As Demos has consistently argued, the executive order is a major victory for low-wage workers, especially the contract and concession employees organizing with Good Jobs Nation who repeatedly went on strike for higher pay.
Now as the executive order is finalized, it will be important to see that the new minimum wage for contract workers is not just proclaimed on paper but enforced. Enforcement is a particularly serious concern because federal contractors have a terrible record of abiding by existing employment laws—and they have so far been allowed to get away with it.
A bombshell investigation by the U.S. Senate’s Health, Education, Labor, and Pensions Committee in December found that almost 30 percent of companies receiving the largest penalties for violating federal labor law are also federal contractors. The study looks at 49 contractors responsible for large-scale labor law violations who were nonetheless paid more than $81 billion in taxpayer funds in 2012. The companies engaged in rampant wage theft and violations of the most basic health and safety laws.
“By law,” noted Committee Chair Senator Tom Harkin, “the government is only supposed to contract with companies that it first determines to have a ‘satisfactory record of integrity and business ethics.’” Yet this law is clearly not being sufficiently enforced and monitored. Taxpayers also lose from this repeat flagrant violation of the law: a recent study by Karla Walter and David Madland at the Center for American Progress finds that companies that have the worst records of workplace violations frequently also display poor contract performance.
If contractors routinely violate current minimum wage, overtime, and worker safety laws, what gives us confidence that the new, higher minimum wage will be followed any more scrupulously?
A “responsible contractor” enforcement mechanism built into the executive order would go far towards ensuring compliance.

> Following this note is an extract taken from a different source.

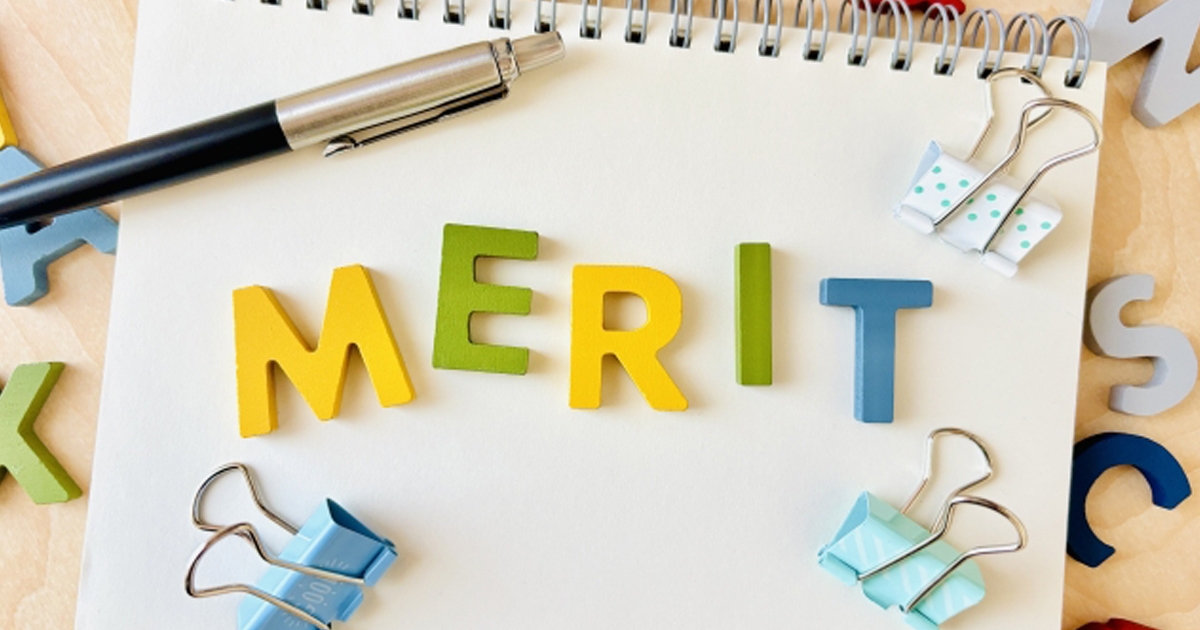 MERITの文字とクリップとペン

A responsible contractor clause should require contractors to report all violations of employment laws and should give the Department of Labor authority to investigate and discover whether a contractor has significant or pervasive violations of employment laws. An order should also require contracting agencies to review and consider information about labor law violations provided by Department of Labor experts when considering a contractor’s “a satisfactory record of integrity and business ethics” in dealings with its own employees.

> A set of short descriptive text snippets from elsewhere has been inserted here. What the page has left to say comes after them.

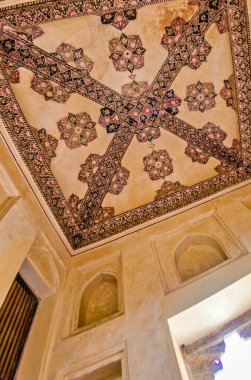 Jaipur, Hindistan - 16 Eylül 2011: Ziyaretçiler, zengin kültür mirasını sergileyen Jaipur Hindistan 'daki tarihi bir yapının ayrıntılı tavan sanatına hayran kaldılar.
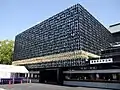 日本東京都江東区成田山东京别院深川不动堂（日语：）的本堂，外墙装饰悉昙文的《不动明王真言》。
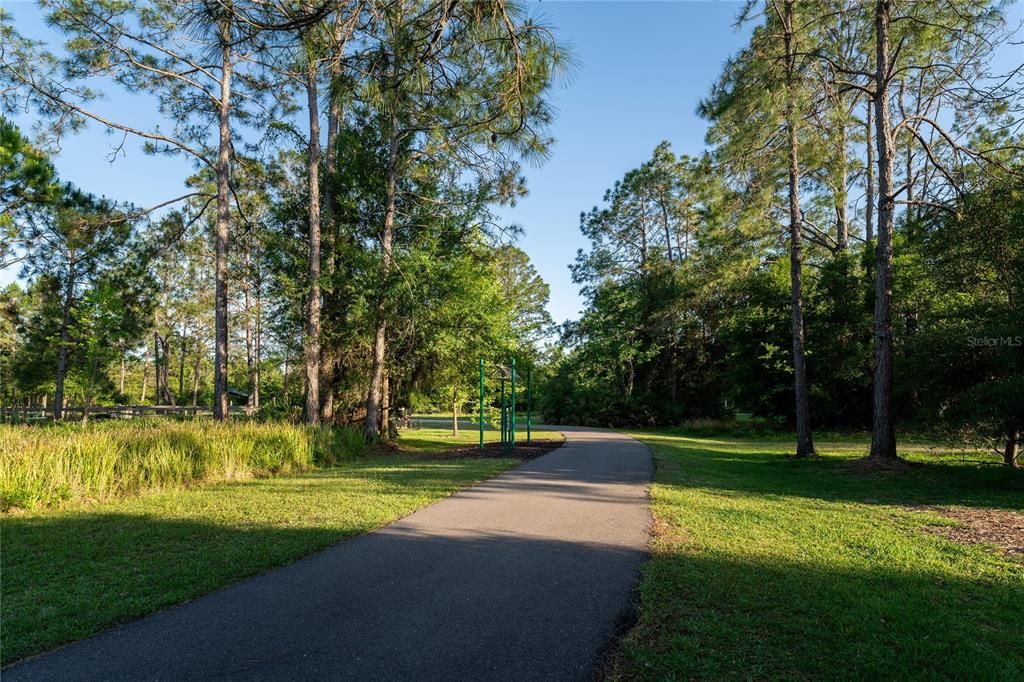 На продажу: $899,900 (4 спален, 3 ванн, 3589 Квадратных фут)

Without “responsible contractor” language, President Obama’s executive order will lack the key element of enforcement, and the same flagrant violations of wage and safety laws by federal contractors that Congress has already documented are likely to continue with impunity. Whether a responsible contractor clause is incorporated into the current executive order or a follow up order from the President, it is the next logical step to deter contractors from breaking existing laws as well as the new minimum wage going into effect.